Following Buzbee’s announcement, NFL spokesman Brian McCarthy said the agreements have “no impact on the collectively bargained disciplinary process.”

Another league official told the AP “settling doesn’t give someone a pass” and indicated a lengthy suspension remains in order. The person spoke on condition of anonymity because the investigation hasn’t concluded.

NFL investigators interviewed Watson in Houston over several days last month. They’ve spoken with 11 of Watson’s accusers, according to a person familiar with the investigation, who said Buzbee declined to make more women available for interviews.

The league will present their findings to disciplinary officer Sue L. Robinson, a former federal judge who will decide Watson’s punishment. This is the first case for Robinson, who was jointly appointed by the league and NFL Players Association.

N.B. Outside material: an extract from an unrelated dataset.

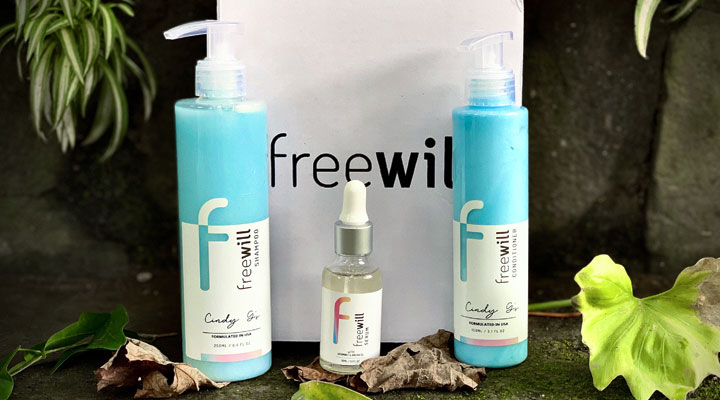 freewill shampoo review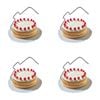 4PK Appetito Cake Cutter 33cm Home Kitchen Cooking/Baking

The Browns, who signed the three-time Pro Bowler to a fully guaranteed, five-year, $230 million contract in March, had no immediate comment on the settlements.

Watson has denied any wrongdoing and vowed to clear his name. Rusty Hardin, Watson’s lead attorney, did not immediately return an email or a text seeking comment.

In March, two separate Texas grand juries declined to indict him on criminal complaints stemming from the allegations. After that, the Browns and several other teams pursued Watson, with Cleveland convincing him to waive his no-trade clause and join a team with a solid roster.

The first 22 lawsuits against Watson were filed in March and April 2021. The last two lawsuits were filed after HBO’s “Real Sports with Bryant Gumbel” aired an interview last month with two of the women who detailed their encounters with Watson.